Parallel Software and the PSC Community: Breaking the Barrier
Sergiu Sanielevici, Manager of Parallel Applications, PSC
sergiu@psc.edu
- The Challenge of Realism
From cosmology to biochemistry, from regional severe weather prediction to global climatology, from automotive and aerospace engineering to the creation of new materials and processes, there are thresholds of realism and timeliness below which simulation results are insufficient, irrelevant, or misleading. A numerical model must describe enough detail to capture the essential dynamics that drives the physical reality.
A large, powerful, balanced, and stable supercomputing system (hardware and system software) is only the beginning. It is up to each scientific or engineering application to use the raw potential of the supercomputer efficently enough to meet the requirements of the practitioner, such as: "Evolve a 50,000 atom system over 5 nanoseconds of simulation time within 8 hours of wallclock time" or "Complete the 7-hour storm-scale weather forecast run in 20 minutes wallclock time".

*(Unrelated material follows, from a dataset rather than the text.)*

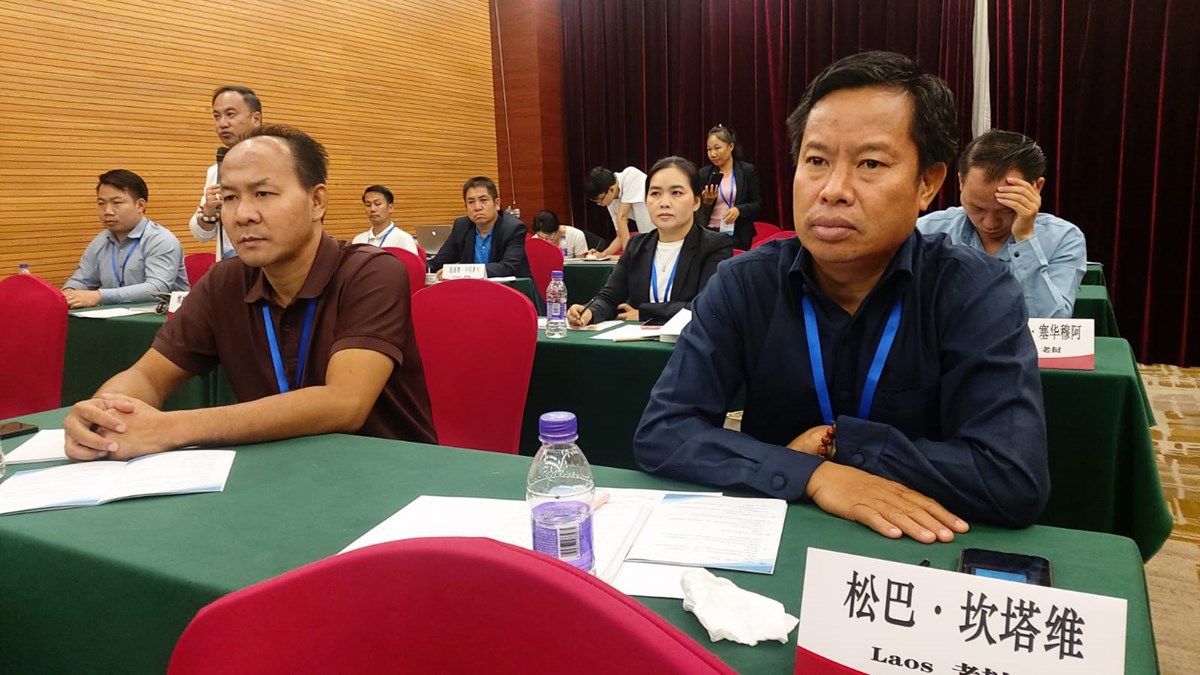 ນັກຂ່າວໜຸ່ມຂອງລາວຮັບຟັງການບັນຍາຍປະຫວັດສາດການຮ່ວມມືດ້ານສື່ສາກົນລາວ-ຈີນ image 1 ນກຂາວໜມຂອງລາວຮບຟງການບນຍາຍປະຫວດສາດການຮວມມດານສສາກນລາວ-ຈນ - image 1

- PSC's T3D: First to Realism
In many areas of science and engineering, the first-ever crossing of this
"threshold of realism" was achieved in the period 1994-1996, on the PSC's
massively parallel Cray T3D. Breaking the realism barrier is heralded by
simulations that reproduce previously unexplained experimental results and
that, better still, predict results yet to be confirmed by improved
experiments. For example, Brooks et al. discovered a small amount of helical
structure, falling below experimental detection limits, which appears in the
dynamics of the unfolded state of a protein and then serves as the nucleus for
protein folding.
Kollman et al. overcame limitations of previous simulations of DNA and RNA,
which had erroneously predicted these molecules to be unstable and failed to
reproduce the observed convergence of variant forms of DNA.

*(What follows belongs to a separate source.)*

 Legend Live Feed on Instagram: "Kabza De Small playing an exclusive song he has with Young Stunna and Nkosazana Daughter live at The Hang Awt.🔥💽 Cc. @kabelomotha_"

Similarly, the MICOM group's T3D simulations were the first to achieve sufficient resolution in modeling of circulation in the Atlantic Ocean to correctly predict the course of the Gulf Stream.
<
Woodward's and Porter's simulations of compressible convection beneath the
surface of the sun revealed new, unexpected features while showing other
features predicted by theory, which all previous simulations had lacked
sufficient resolution to test. Only at the resolution afforded by the full
512-processor T3D were Taylor et al. able to confirm that interactions among
booster plumes were responsible for the malfunction of a Delta II rocket.
During their Spring 1996 operational testing campaign, Droegemeier et al.

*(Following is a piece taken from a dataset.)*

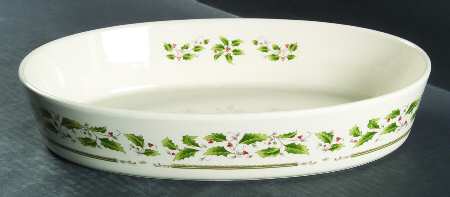 Holly Holiday 13" Oval Oven To Table Baker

were able to run their ARPS model at 3 km resolution over the prediction
region, resulting in successful forecasts on eight of the 10
days storms occurred, an unprecedented success rate. However, a
seven-hour forecast took about 100 minutes to complete, too
long for true operational use. That will require the forecast run to
complete in 15-30 minutes, the resolution will have to be 1 km,
and the forecast region will also need to be increased.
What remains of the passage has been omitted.